TASK TO COMPLETE: Please retype the records below exactly as they appear, leaving out every picture.

PROVIDED DATA:
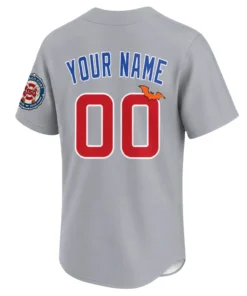 Chicago Cubs Halloween Gray Custom Jersey – Creative Fan Design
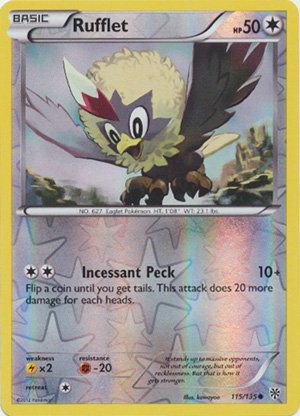 Rufflet - 115/135 - Common - Reverse Holo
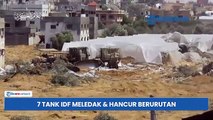 Rangkuman Israel-Hamas: Pangkalan Industri Militer Israel Dirudal, 10 IDF Terbunuh di Lebanon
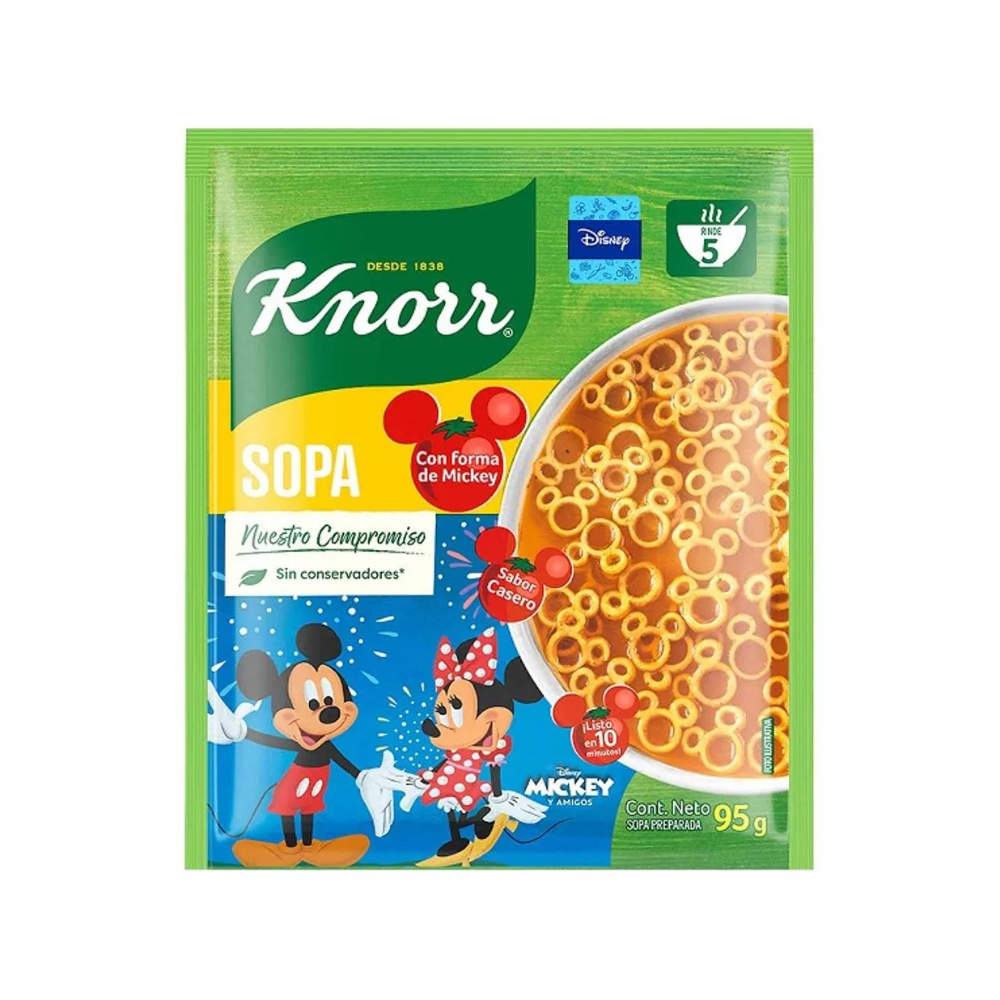 SOPA KNORR MICKEY MOUSE AND FRIENDS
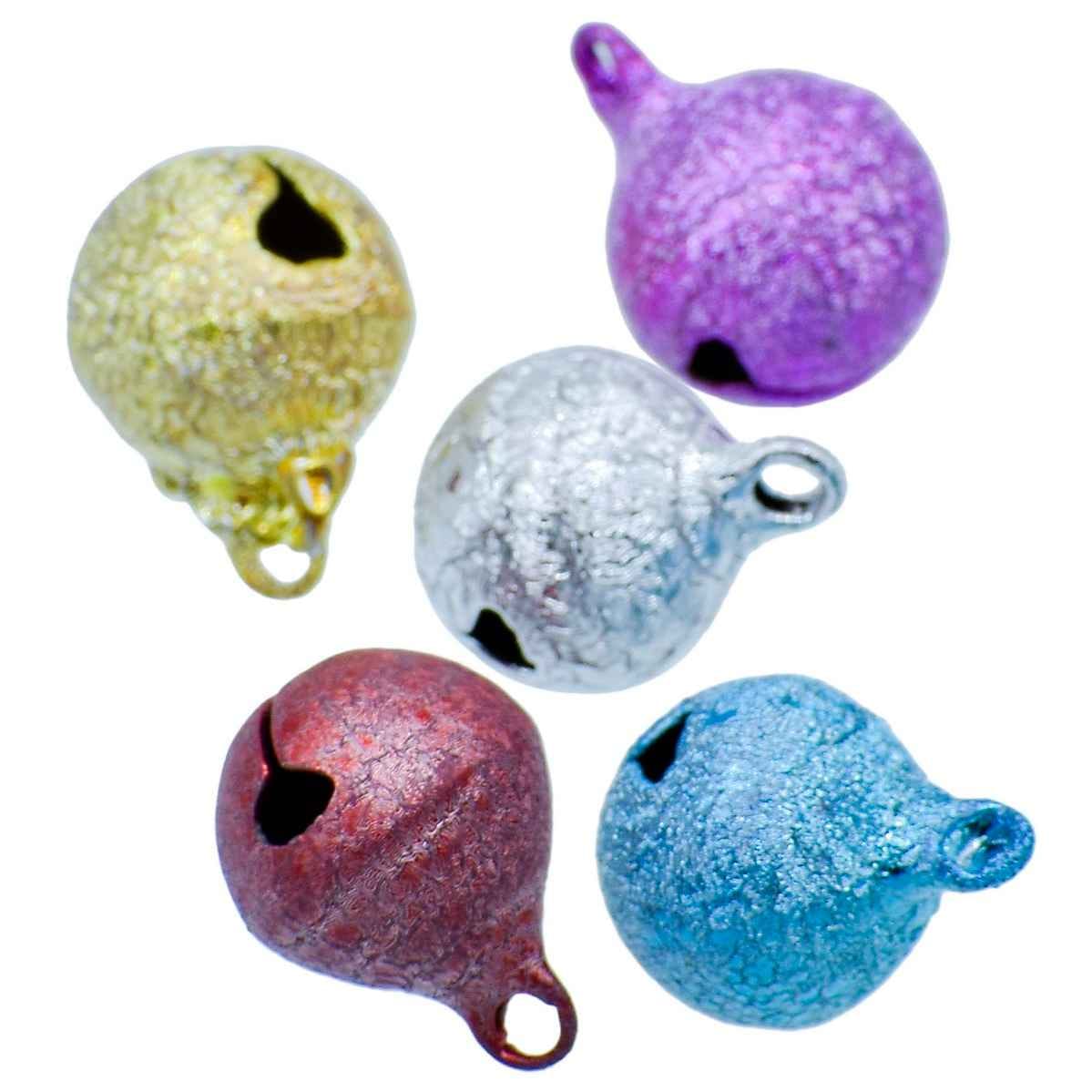 Mini Metal Bells Dark Polish Colour 12MM 5 Pc JMMB19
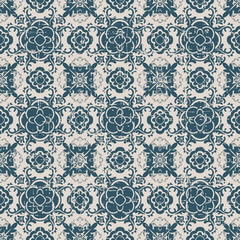 Seamless worn out antique background 283_round flower kaleidoscope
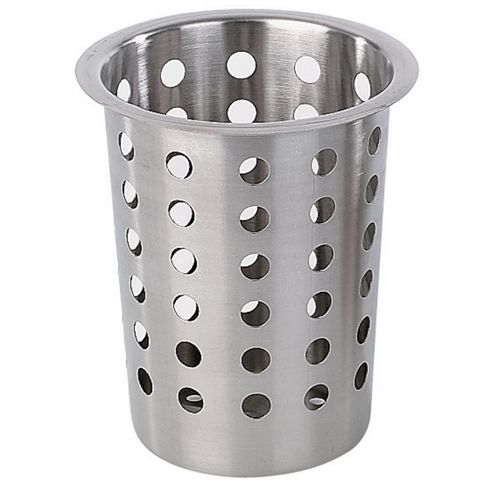 Browne Cutlery Cylinder, Perforated Stainless Steel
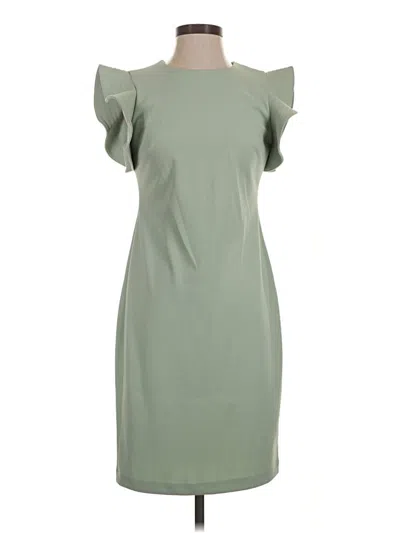 Pre-owned Calvin Klein Casual Dress In Green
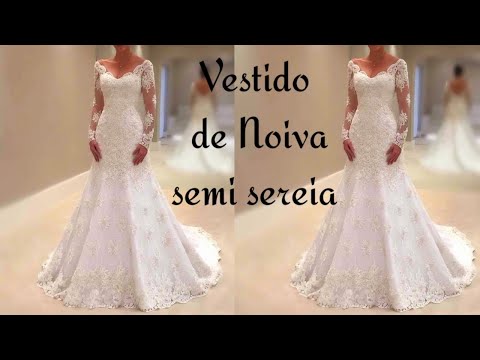 ✅️ DIY Vestido de Casamento com Tule ilusion_Costura passo a passo para  inciantes Gisleide Novelo 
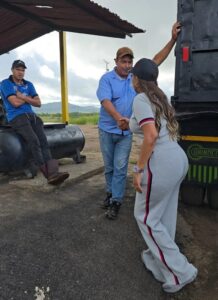 Inspeccionan operatividad en planta de asfalto del municipio Piar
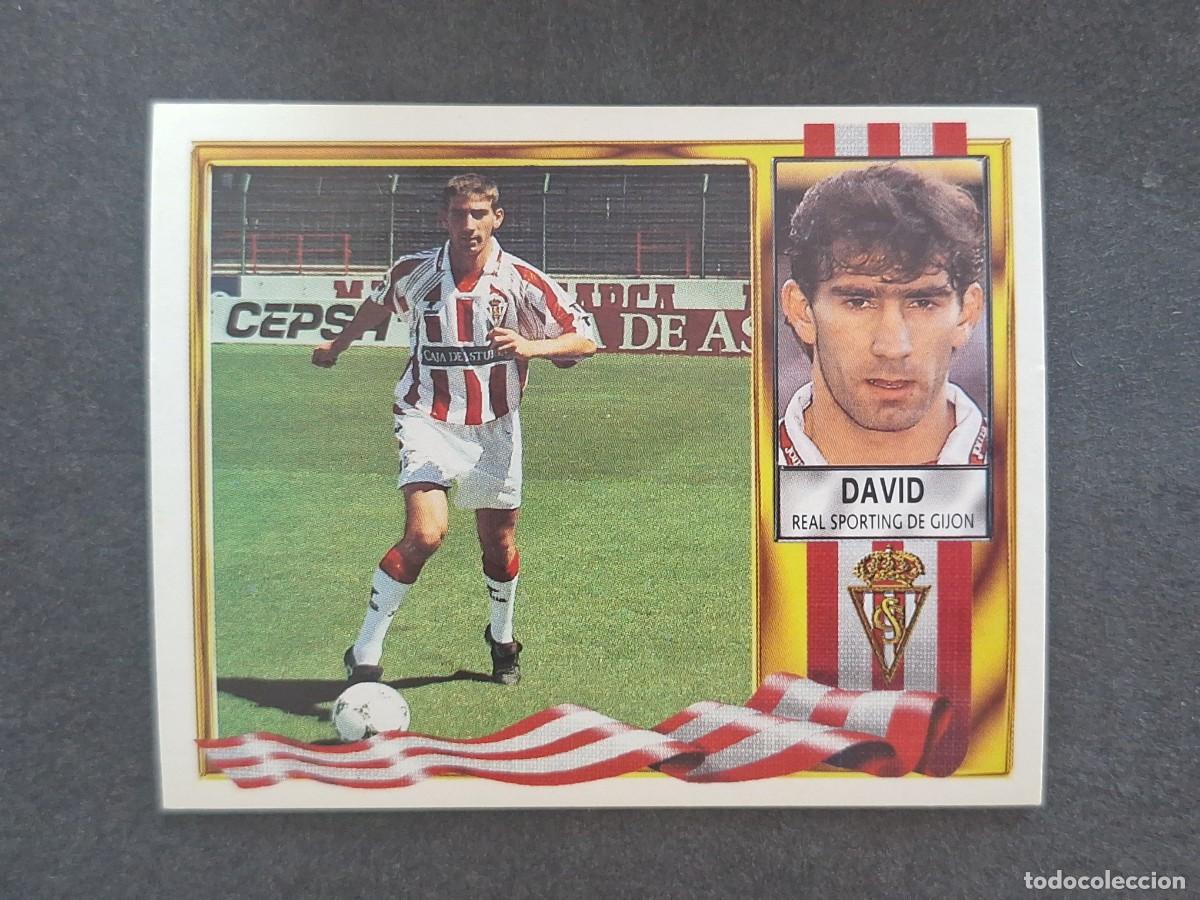 Fu&szlig;ball-Sticker: L3 DAVID SPORTING DE GIJON LIGA ESTE 1995 1996 95 96 NUNCA PEGADO SIN PEGAR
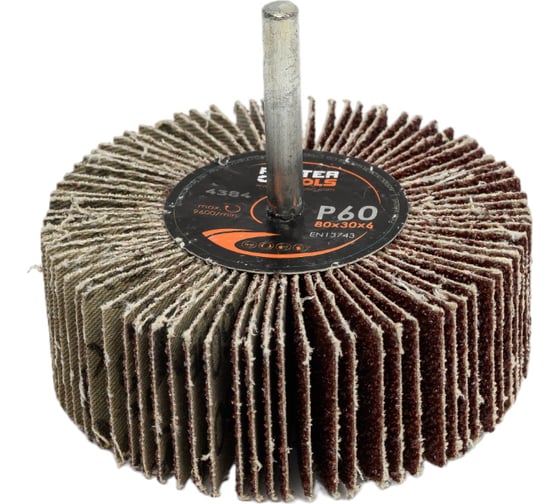 Изображение товара Круг лепестковый радиальный 80x30 мм, P60 FASTER TOOLS 4384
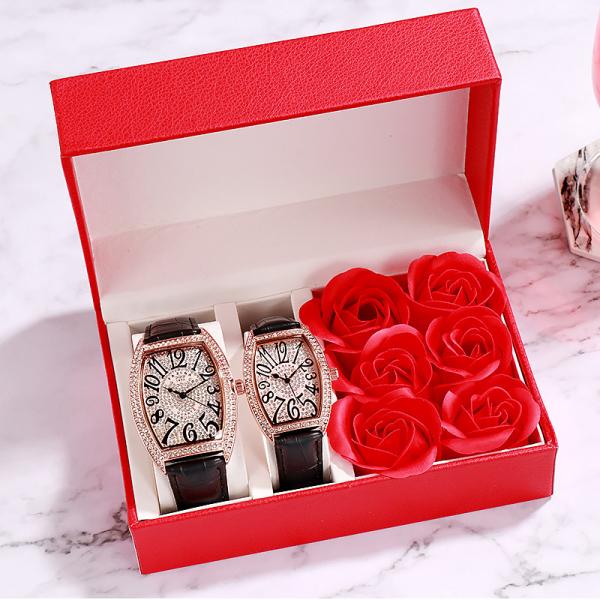 White Dial Quartz Watch Movement Time Display Waterproof 3ATM 40mm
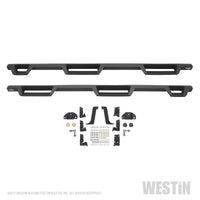 Westin 99-16 Ford F-250/350/450/550 CC (6.75ft Bed) HDX Drop Whl to Whl Nerf Step Bars - Text Blk - Mammoth Racing -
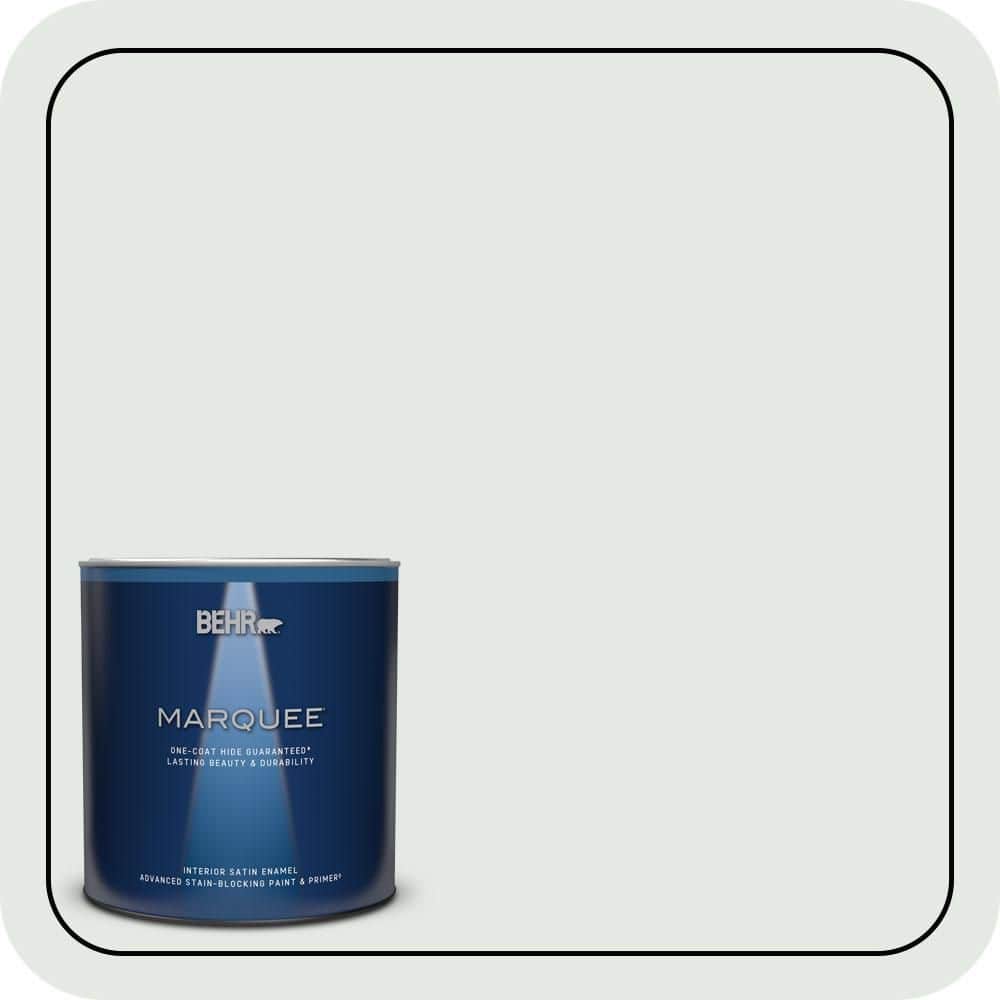 1 qt. #BLW-7 Wind Chill Satin Enamel Interior Paint & Primer price history on PriceWatchPro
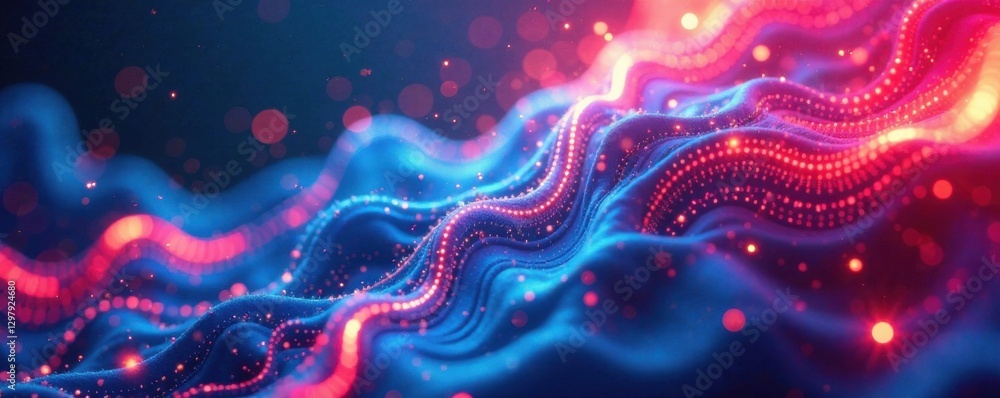 Poster abstract design of a web browser with a stylized interface and navigation bar, technology, modern, i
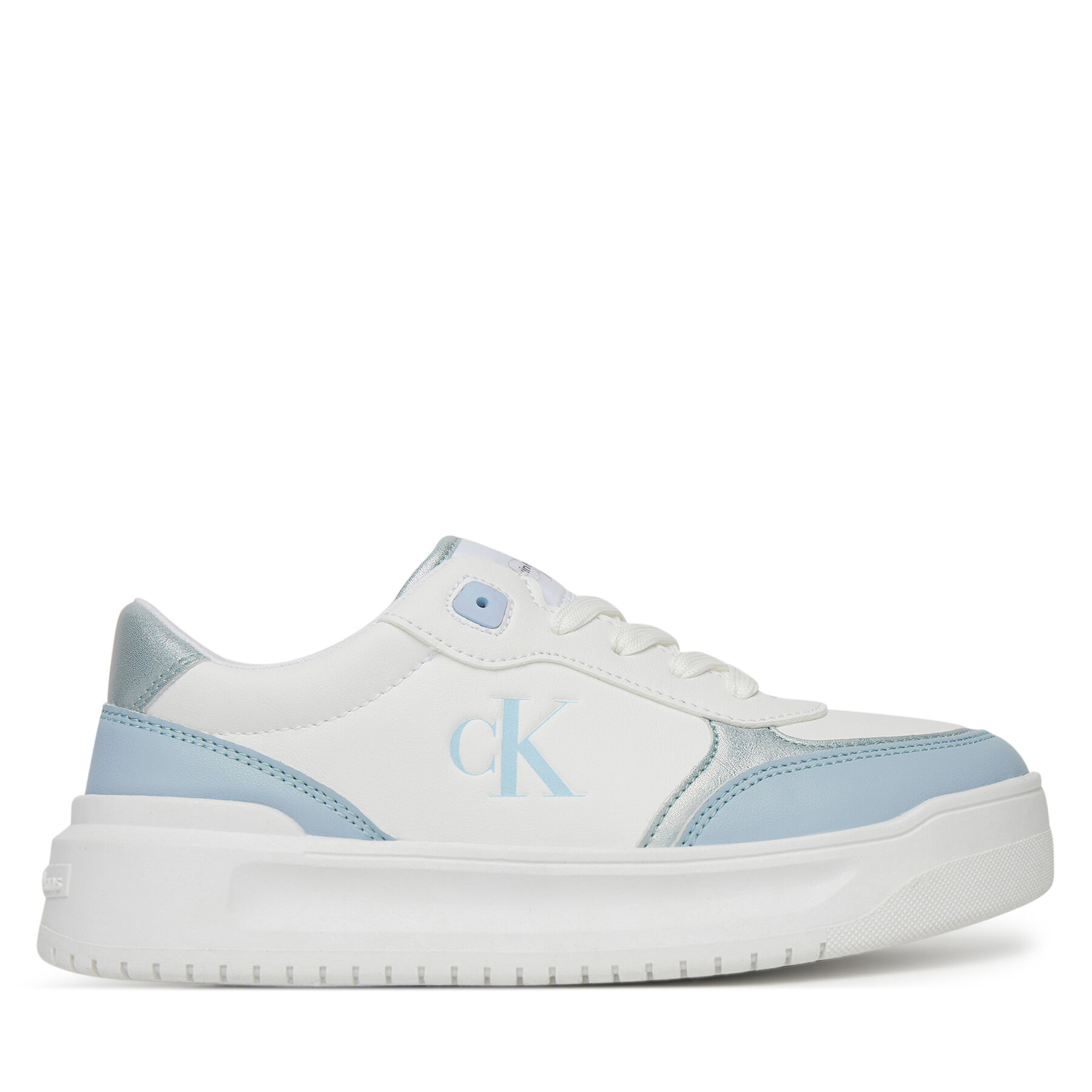 Sneakers Calvin Klein Jeans Low Cut Lace-Up V3A9-82020-1355 Alb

EXERCISE SOLUTION:
 Chicago Cubs Halloween Gray Custom Jersey – Creative Fan Design
 Rufflet - 115/135 - Common - Reverse Holo
 Rangkuman Israel-Hamas: Pangkalan Industri Militer Israel Dirudal, 10 IDF Terbunuh di Lebanon
 SOPA KNORR MICKEY MOUSE AND FRIENDS
 Mini Metal Bells Dark Polish Colour 12MM 5 Pc JMMB19
 Seamless worn out antique background 283_round flower kaleidoscope
 Browne Cutlery Cylinder, Perforated Stainless Steel
 Pre-owned Calvin Klein Casual Dress In Green
 ✅️ DIY Vestido de Casamento com Tule ilusion_Costura passo a passo para  inciantes Gisleide Novelo 
 Inspeccionan operatividad en planta de asfalto del municipio Piar
 Fu&szlig;ball-Sticker: L3 DAVID SPORTING DE GIJON LIGA ESTE 1995 1996 95 96 NUNCA PEGADO SIN PEGAR
 Изображение товара Круг лепестковый радиальный 80x30 мм, P60 FASTER TOOLS 4384
 White Dial Quartz Watch Movement Time Display Waterproof 3ATM 40mm
 Westin 99-16 Ford F-250/350/450/550 CC (6.75ft Bed) HDX Drop Whl to Whl Nerf Step Bars - Text Blk - Mammoth Racing -
 1 qt. #BLW-7 Wind Chill Satin Enamel Interior Paint & Primer price history on PriceWatchPro
 Poster abstract design of a web browser with a stylized interface and navigation bar, technology, modern, i
 Sneakers Calvin Klein Jeans Low Cut Lace-Up V3A9-82020-1355 Alb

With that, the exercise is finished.